The California Democratic Party officially endorsed de León Saturday, in a move that was seen as a sign that the party was moving even further to the left, the San Jose Mercury News reported.
Feinstein, 85, is seeking her fifth full term in the Senate. She remains on the ballot in November against de León, 51. Feinstein and de Leon were the first- and second-place winners in California’s all-voter Senate primary, according to Polito. Under California election rules, the two top vote-getters in a primary race move on to a face-to-face race in the general election, regardless of party.
The Los Angeles-based de León, received 65 percent of the vote from the party’s executive board, against 7 percent for Feinstein. Feinstein’s plea that party leaders not back anyone was shown in the fact that 28 percent voted not to endorse anyone, the Los Angeles Times reported.
The request annoyed some party leaders.
“It’s strategically what you do when you know you can’t win,” said Eric Sunderland, the Democrats’ Sacramento regional director, according to the Sacramento Bee. “She knew she was not going to win. It’s a blocking maneuver.”
De León characterized his win as a rejection of politics as usual.
“Earning the endorsement of so many leaders and activists of the California Democratic Party isn’t just an honor and a privilege; today’s vote is a clear-eyed rejection of politics as usual in Washington, D.C.,” he said in a statement. “We have presented Californians with the first real alternative to the worn-out Washington playbook in a quarter-century.“
Winning the endorsement and the election are different matters. Last month, Feinstein won the Senate “jungle” primary with 44 percent of the vote while de León came in second at 12 percent.
However, among party leaders, de León has enjoyed stronger support. In February, at the party’s convention, he won 54 percent of the leadership’s support against 37 percent for Feinstein. California Democratic Party rules requires that the party’s nominee reach the 60 percent mark, which required a second vote this weekend.
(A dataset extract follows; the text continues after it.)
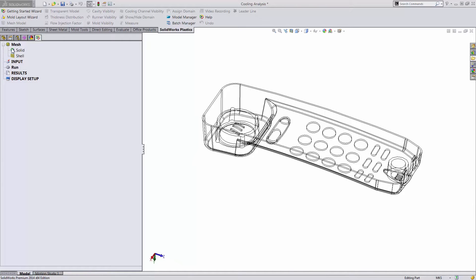Hello, my name is David Waltzman and I'm a simulation product specialist with GoEngineer. Today we're going to check out the cooling analysis functionality inside of SOLIDWORKS Plastics.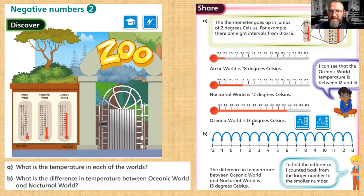It's in between twelve and fourteen — what number is that? It's going to be thirteen. Twelve, thirteen, fourteen — so the odd numbers are in between the jumps of two.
In its reporting on de León’s win, The New York Times connected it to the victories of other left-leaning candidates who have scored upsets recently, including Alexandria Ocasio-Cortez. Cortez, a member of the Democratic Socialists of America, upset long-time New York City Democratic powerhouse Joseph Crowley in a congressional primary in June.
Feinstein’s camp, however, projected confidence that the voters at large would keep her in the Senate.
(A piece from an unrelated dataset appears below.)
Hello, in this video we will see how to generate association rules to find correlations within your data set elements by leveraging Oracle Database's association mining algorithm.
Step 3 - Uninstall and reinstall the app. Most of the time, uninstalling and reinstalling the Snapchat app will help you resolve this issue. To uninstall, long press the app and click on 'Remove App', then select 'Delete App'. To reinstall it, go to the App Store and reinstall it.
“We are confident that a large majority of California Democrats will vote to re-elect Sen. Feinstein in November,” Jeff Millman, her campaign manager, said Saturday night, according to WFMZ.
Bill Carrick, an adviser to Feinstein, said the endorsement had little meaning.
“They are trying to demonstrate that they have a pulse,” Carrick said in reference to de León’s campaign. “And that’s what it’s all about. They have no opportunity between the primary and Labor Day to get any attention. This is the only game in town. Desperate strokes for desperate folks.”
Jonathan Underland, a spokesman for de León, said the real issue was that Feinstein was no longer in tune with her party.
“They’ve struggled to capture the imagination and vision of one of the nation’s most accomplished Democratic parties,” he said.
Feinstein found herself losing popularity in her party last year when she suggested that forging a working relationship with President Donald Trump might be possible.
“It was like the 13th stroke of a clock. It just caught everybody’s attention,” California Democratic political strategist Garry South said, according to the Los Angeles Times. “The political ground has just really shifted to the left right under her feet, and I’m just not sure she gets it.”